When Thompson Whitney Blake set his sights on Charleston’s Dockside complex, he came with cash — and conviction.
Now, he’s coming with a lawsuit.
The Florida investor, who bid $30 million to buy the evacuated waterfront property, is suing CBRE, the commercial real estate firm hired to market the site. His complaint, filed Oct. 9 in federal court: the firm listed his condo, Unit 7A, without permission or a written agreement.
“These guys should not be representing the whole building down at city hall, talking about entitlements and zoning,” Blake told The Post and Courier.
Through his company, Domino LLC, Blake bought the 7th-floor unit in July and has been on a mission to purchase the entire 3.3-acre property ever since. But his lawsuit now pits him against the very process he hoped would seal the deal.

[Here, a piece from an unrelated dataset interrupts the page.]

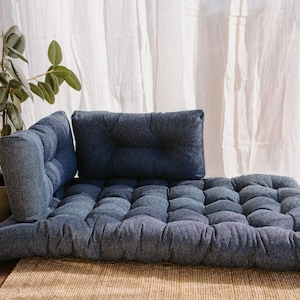 Dark blue outdoor cushion set on a bench, featuring a bottom seat cushion and matching backrest in French mattress style. Made from high-quality EU-produced bouclé-like fabric suitable for outdoor use. The material is water-repellent but not fully waterproof and can get wet occasionally. Also suitable for indoor spaces. Perfect for modern Scandinavian homes, A-frame houses, Portuguese terraces and bohemian Spanish villas.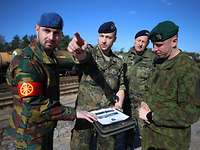  Soldiers in different uniforms are conferring on a railway track.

The building that emptied out
Dockside’s story has been a slow-motion crisis. In February, the city ordered residents to evacuate the 133-unit tower over structural concerns.
By August, owners voted not to repair the building — a $151 million job that would have cost more than $1 million per unit. What they didn’t vote on: selling it. Under South Carolina law, every single owner must agree to sell before a deal can happen. That vote hasn’t happened yet.
Still, the Dockside board moved forward, retaining CBRE’s Michael Carmody to market the property. Blake says that’s where they crossed the line.
The cease-and-desist
His lawyer, Ian Ford of Ford Wallace in Charleston, sent CBRE a cease-and-desist letter asking them to remove his condo from marketing materials. “We sent them emails. We called. Our lawyers noticed them,” Blake said. “These brokers refused to hit the brakes.”
CBRE declined to comment on the pending suit.
Dockside’s general manager, Lizzy DeLorme, alerted owners in an Oct. 11 email that the lawsuit could delay marketing and hurt the property’s value. “We are certain that this lawsuit will delay the marketing of our property, costing us time — and money,” she wrote.
What happens now
Blake says he just wants to move things along. “I care as much as they care,” he said.
But federal cases can take months, even years, to untangle. And until the Dockside legal dust settles, the city’s most-watched waterfront property sale is on hold.
“Charleston is a small town,” Blake said. “I’m not from Charleston — so I don’t have to be worried about being pushed around.”